Netanyahu on Groundbreaking Oman Visit for Peace Process Talks
(Bloomberg) -- Benjamin Netanyahu visited Oman Friday, the first official trip by an Israeli leader to the Gulf nation since 1996, for surprise talks with its reclusive leader on the stalled peace process with the Palestinians.
Sultan Qaboos, the 77-year-old Omani ruler, and Netanyahu “discussed ways to push forward the peace process in the Middle East as well as some issues of mutual interest that would serve peace and stability in the region,” according to identical statements sent by the Israeli Prime Minister’s Office and the state-run Oman news agency. The visit wasn’t made public until Netanyahu was back in Israel around 4 p.m. local time.
The trip comes as the killing of journalist Jamal Khashoggi has triggered turmoil in the Middle East as it casts a shadow over the leadership of Saudi Crown Prince Mohammed bin Salman. The Trump administration made the 33-year-old de facto ruler of the kingdom a cornerstone of its entire Mideast policy, including a yet-to-be released plan to revive Israeli-Palestinian talks.
“Netanyahu wants to reset the narrative, to show that Israel’s here, Israel’s a player, Israel’s still talking,” said Joshua Teitelbaum, a political scientist specializing in the Gulf at Israel’s Bar Ilan University.
Netanyahu, who went to Oman with his wife as well as Mossad intelligence agency director Yossi Cohen, said the visit was aimed at “tightening relations with other nations in the region, while leveraging Israel’s strengths in security, technology and finance.” He said the meeting was the result of “extensive” contacts between the two nations.
It also followed a trip earlier this week to Oman by Palestinian Authority President Mahmoud Abbas, who has refused to deal directly with Netanyahu and broke off communication with the Trump administration over its recognition of Jerusalem as Israel’s capital last December.
Qaboos, who rarely appears in public, was seen walking in a hallway with Netanyahu’s wife, Sara, in photographs circulated by the Israeli prime minister’s office. Qaboos’s office issued a video clip of the meeting with the 69-year-old Israeli leader.
Netanyahu left Israel on a leased executive jet at about 1 p.m. Thursday and overflew Saudi Arabia on the way to Oman, according to an official who spoke on condition of anonymity because of its diplomatic sensitivity.
Dinner Until Dawn
Qaboos lavishly entertained the prime minister and his entourage, with the two
leaders stayed up talking till dawn, the official said. Calling the meeting a “breakthrough,” the official said it is intended to lead to more public activities.

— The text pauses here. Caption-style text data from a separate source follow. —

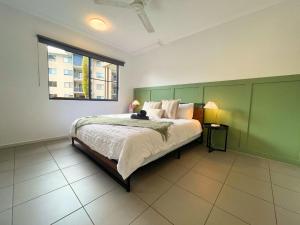 Dive In – Cairns Poolside Stay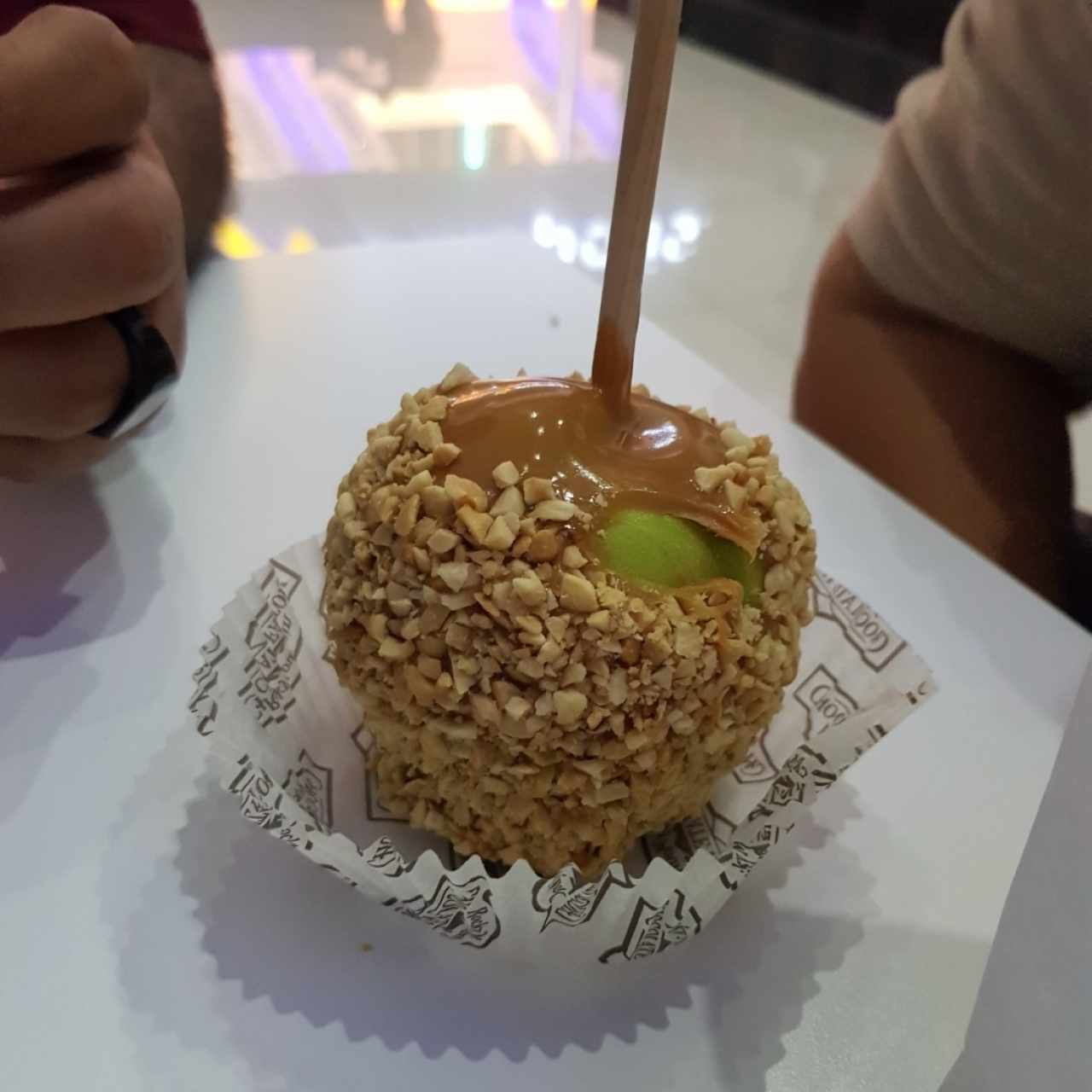 manzana cubierta de caramelo y maní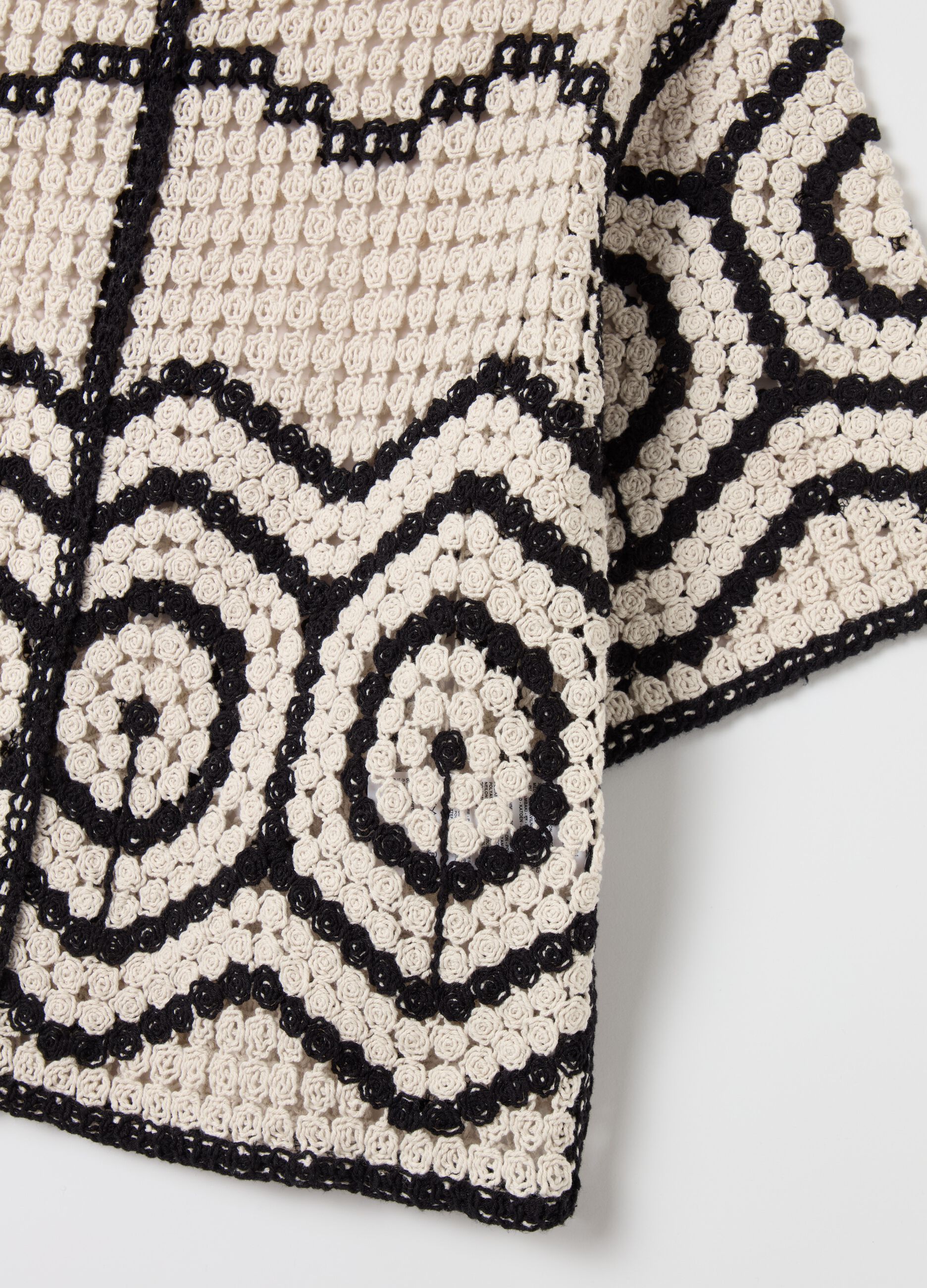 Crochet T-shirt with geometric motif
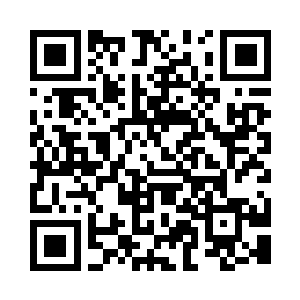 两人一眼就看见自抄着手站在门口的章远二维码生成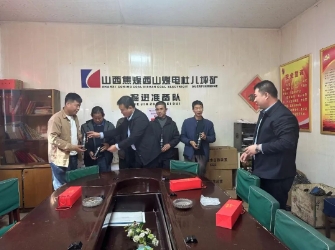 杜儿坪矿相关领导深入基层进行“三加三”安全包保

Hours before leaving, Netanyahu hinted of a renewed regional diplomatic push, telling reporters at a business conference, that a number of neighboring nations were “extending their hands” to normalize relations with Israel.

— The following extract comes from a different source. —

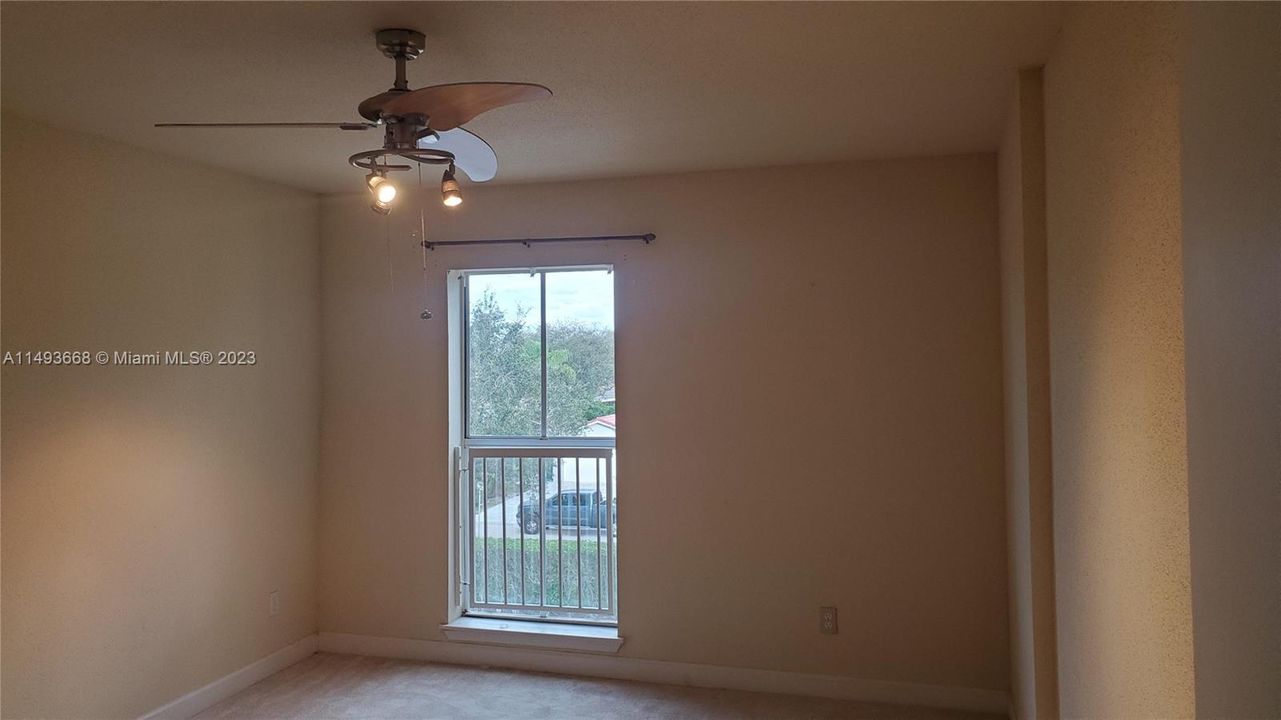 Recently Sold: $212,000 (1 beds, 1 baths, 780 Square Feet)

The only two Arab states that recognize Israel are Egypt and Jordan, though relations are bumpy and Netanyahu is rarely seen publicly in either country.
With Netanyahu likely facing elections in the coming months, the Oman visit is a reminder to voters that his peace strategy is not completely dependent on the larger Gulf states like Saudi Arabia and the United Arab Emirates, said David Makovsky, a former member of the Obama administration’s Israel-Palestinian mediation team.
“The outreach to those states is under the table while this is beneficial as it is above the table,” said Makovsky, a fellow at the Washington Institute of Near East Policy.
As news of the Oman talks emerged, violence continued in the Gaza Strip in the seventh month of Friday demonstrations against the blockade of the Hamas-ruled territory by Israel and Egypt. Israeli snipers killed four Palestinians and a fifth was killed in an explosion while preparing a homemade bomb, according to the Gaza Health Ministry.
Another Palestinian was killed by Israeli troops during a demonstration outside Ramallah, the seat of Abbas’s government.